ECEF panelists say organizers need to invest more in events, develop marketing around social causes to appeal to young attendees
Talking profits: From left, Rick McConnell of Informa Markets, Linda Gray Martin of RSA Conferences, and Dennis Smith of Messe Frankfurt.
June 21, 2019
By William Ehart
The events industry is lucrative, but show organizers need to invest in ever more advanced marketing tools, enhance attendee experience and appeal to new generations.
“We have much more sophisticated marketing automation tools these days, and technology in general, to be able to mine attendee data and really drill down into what they want, need and what they expect,” said Linda Gray Martin, director and chief of operations at RSA Conferences, which runs cybersecurity industry events.
“At the same time, we have more sophisticated event platforms, which allow us to serve up content and activities that match those attendee requirements,” she told CEO Update.
“The trend is to increase the amount of money that’s invested back into events in order to create these personalized experiences, to keep education moving forward and to keep the event industry moving forward,” she said.
“What’s really interesting is that our industry as a whole has matured to the point where events almost run like individual businesses or business units,” she said. “With that comes the understanding of business intelligence and the needs of attendees, the importance of reinvesting back in the business.”
Some of that investment should be in artificial intelligence, Martin said.
“Artificial intelligence is going to make it easier to match what the events offer with what an attendee wants,” she said. “In essence, the events are going to be able to talk individually to the attendees so that they can get specifically what they need from the event quickly and efficiently.”
Without more investment in personalization, show attendance will decline, she said.
But technology is not the only thing driving increased marketing costs.
Rick McConnell, president for North America of Informa Markets, said younger generations of attendees expect greater social commitment from show organizers. (McConnell and Martin were part of a panel on trade show trends at the Exhibition and Convention Executives Forum at the JW Marriott hotel in Washington, D.C., in late May.)
He pointed to companies like TOMS Shoes, which donates to a charity of the consumer’s choice with every purchase.
Donating a couple of bucks per attendee to a cause or charity is not enough any more, he said at ECEF.
“(Causal marketing) has got to be embedded in your business model.
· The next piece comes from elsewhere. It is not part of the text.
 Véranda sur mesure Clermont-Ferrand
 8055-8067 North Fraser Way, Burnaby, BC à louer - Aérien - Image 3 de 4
Those are the kinds of things we’re looking at more and more and I would highly encourage those of you who have the ability to influence those kinds of decisions to look at the business model.
“And if it doesn’t have some sort of giveback element in it, we may be missing a very real opportunity. We may not be around in 10 years,” McConnell said.
The third panel member, Messe Frankfurt President and CEO Dennis Smith, said reinventing shows and more closely aligning with sponsors could ultimately boost profits.
“What is the most profitable product that we promote?” Smith said. “I would say it’s sponsorships, and I think realigning ourselves with our sponsors and talking to our key exhibitors, and discussing what their objectives are is going to create some new models for pricing. And I believe those are going to be more profitable.”
Margins under pressure
Sam Lippman, president of Lippman Connects and organizer of the Exhibition and Convention Executives Forum, raised the issue of profits at the forum.
He later told CEO Update that show profits are at risk if producers fail to keep up with changing attendee and exhibitor demands.
“To remain relevant to both exhibitors and attendees, organizers are going to have to invest more in their events,” Lippman said. “More in attendee marketing, more in exhibitor services and more in on-site benefits to both.
“Organizers will see their margins decrease as they invest more in their events,” he said.
“I don’t see soon enough the awareness that these very unusual profit margins are going to have to be adjusted downward,” Lippman said.
“Unfortunately, people have short memories. Many events are at or exceeding pre-recession levels as far as size and profitability. It takes a very smart, strong individual to say when the cash is rolling in, ‘We need to invest more, we need to upgrade and we need to prepare,’ but that’s the best time to do it.”
Lippman noted that nearly half of the show-executive attendees responding to his ECEF Pulse poll are increasing their marketing budgets.
“That’s one indication that leadership is realizing that this stuff isn’t guaranteed,” he said. “The fact that you had a good show, a good convention, a good annual meeting, a good exhibition in 2019 does not mean it’s going to happen in 2020.”
Maximizing software tools
Marketing methods are becoming more sophisticated than some association marketing staffs can handle, said Kimberly Hardcastle-Geddes, president and chief account strategist at marking agency mdg. (Hardcastle-Geddes attended ECEF but was not on the panel.)
“The biggest factor is how complicated marketing is getting,” she told CEO Update. “So much of it is becoming data driven and digital, and it’s requiring a tremendous degree of coordination.”
Many associations are using automation tools like Eloqua but not getting the most out of them.
“They’re realizing as they’re starting to use them that they’re basically using about 20% of what the tools are capable of,” Hardcastle-Geddes said. “So oftentimes, they’re bringing us in as consultants to help them really maximize the investment that they’re making in technology.”